Wesentlich stärker sind die ökonomisch-technischen Veränderungen des Pressewesens in der zweiten Hälfte des 19. Jahrhunderts. Die Rotations-Schnellpresse setzt der Auflage wie dem Umfang von Zeitungen kaum noch Grenzen. Die Setzmaschine bringt eine revolutionierende Beschleunigung und Verbilligung der Satzherstellung. Neue Illustrationstechniken ermöglichen den Druck von Fotografien. Telegraf und Telefon revolutionieren die Nachrichtenübermittlung. Der Ausbau des Eisenbahnnetzes erweitert die Vertriebsmöglichkeiten usw. - Es versteht sich, daß damit die kleinbürgerlich-handwerkliche Verfassung des Pressewesens gesprengt wird. Zwar läßt sich auch mit der älteren Technik noch Zeitungspapier beschwärzen.
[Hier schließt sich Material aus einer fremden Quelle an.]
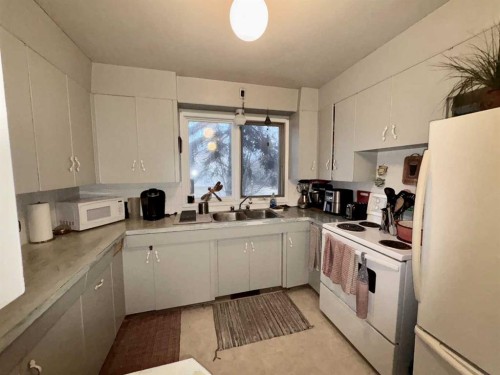 4415 52 Street, Vermilion, AB - Indoor Photo Showing Kitchen With Double Sink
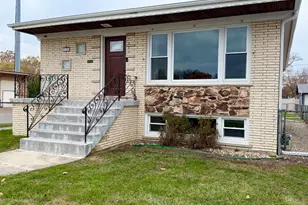 2656 W 98th Pl, Evergreen Park, IL 60805 - Photo 1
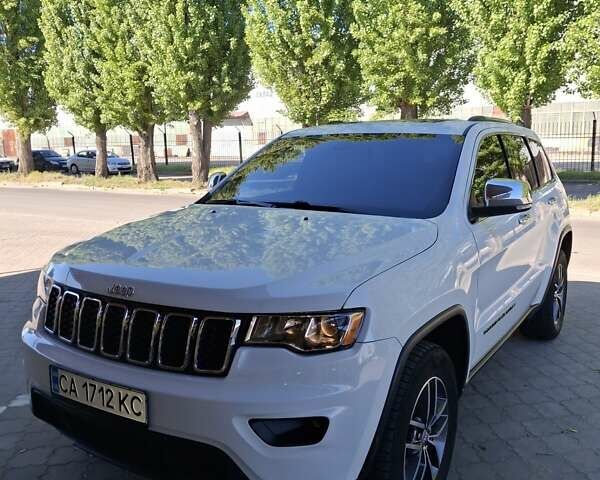 Білий Джип Grand Cherokee, об'ємом двигуна 3.6 л та пробігом 117 тис. км за 23950 $, фото 1 на Automoto.ua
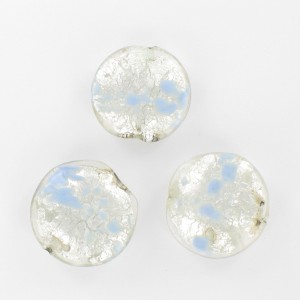 Perle aplatie avec feuille d'argent, cristal bleu 20 mm
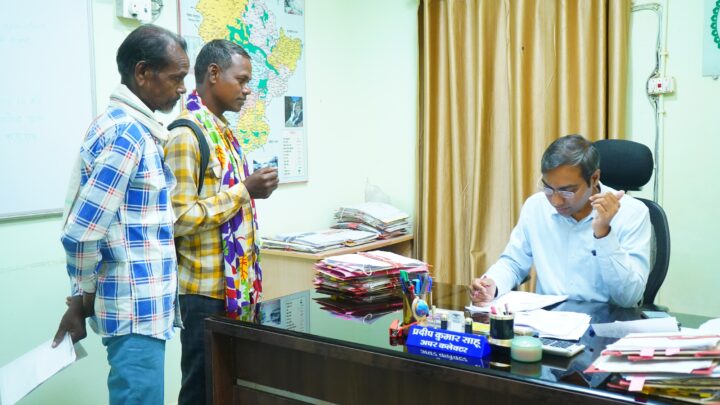 अपर कलेक्टर प्रदीप कुमार साहू ने जनदर्शन में सुनी आम जनता की समस्याएं समयबद्ध निराकरण सुनिश्चित करने अधिकारियों को दिए निर्देश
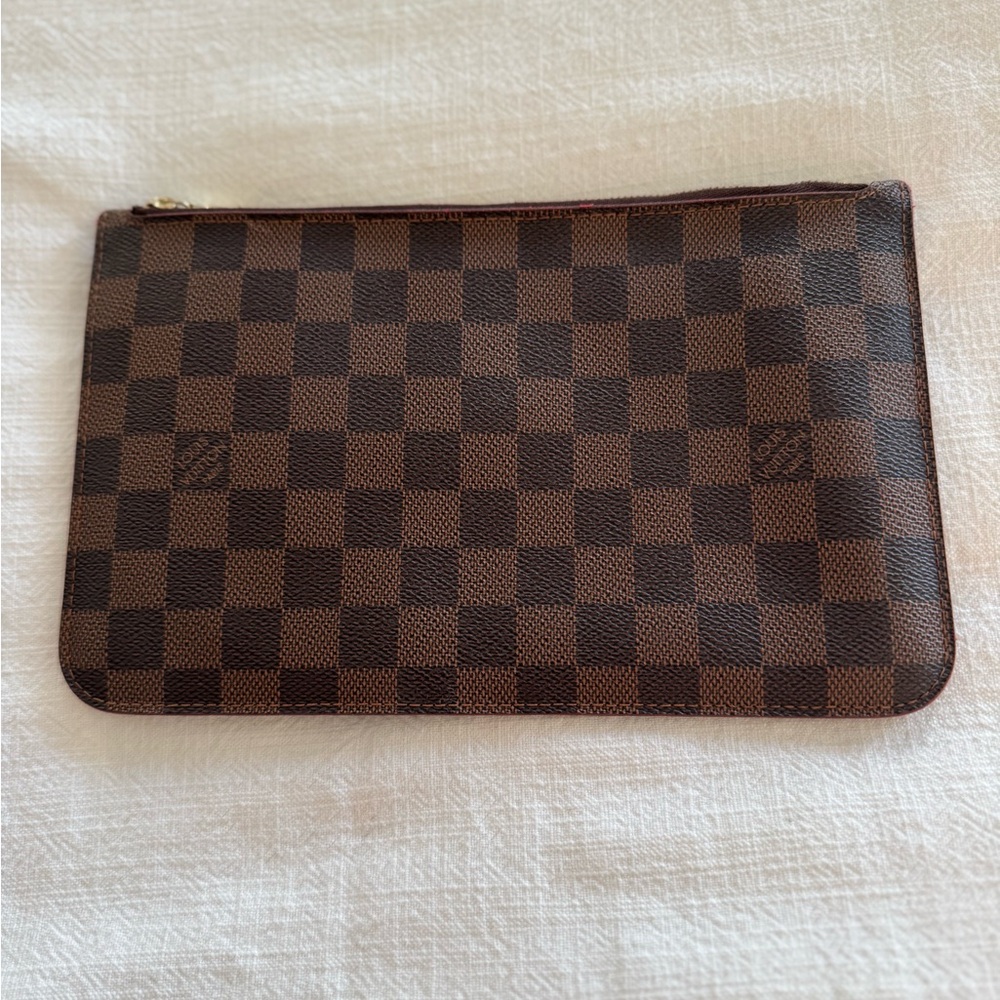 Louis Vuitton Damier Ebene Neverfull Pouch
Im Gesamtbild werden die so erzeugten Produkte aber immer bedeutungsloser. (Ähnliches gilt für das späteren Zurücktreten der Presse insgesamt hinter die neuen Medien Film, Radio und Fernsehen.)
Unter den neuen ökonomischen Voraussetzungen reüssierten vor allem die sogenannten "General-Anzeiger" (die nicht unbedingt so heißen mußten). Es waren primär am Geschäftszweck orientierte Blätter. Ihre politische Richtung gaben sie  in der Regel mit "liberal" an, da jede starre Festlegung dem Anzeigengeschäft und der Breite des Leserkreises abträglich gewesen wäre. 

Im großen Stil setzt sich die Industrialisierung der Presse gegen Ende des 19. Jahrhunderts durch. Es entstehen die ersten Konzerne wie der von August Huck, der es vom Besitzer einer Schriftgießerei zum Herrscher über ein reichsweites Zeitungsimperium bringt. Ihr typisches Produkt ist der "General-Anzeiger", bei dem sich Geschäftszweck und Meinungsmache zwanglos miteinander verbinden. Die politische Haltung des Blattes wird dabei vor allem unter dem Aspekt gesehen, ob sie dem geschäftlichen Erfolg dienlich oder abträglich ist. Der redaktionelle Teil der Zeitung gerät immer mehr zur Verpackung jenes Teils, der das eigentliche Geld bringt, nämlich der Anzeigenseiten. Der "General-Anzeiger" ist aus Prinzip "liberal", da jede starre Festlegung dem Geschäftszweck abträglich wäre. Gerade durch den Primat des Geschäftszwecks erfüllt er aber in der zuverlässigsten und flexibelsten Weise die Bedürfnisse der herrschenden gesellschaftlichen Kräfte. Er funktioniert als eine Art Regelkreis, der unter dem kategorischen Imperativ des kommerziellen Erfolgs die Ansprüche von Lesern, Anzeigenkunden und politischen Gewalten in optimaler Weise aufeinander abstimmt.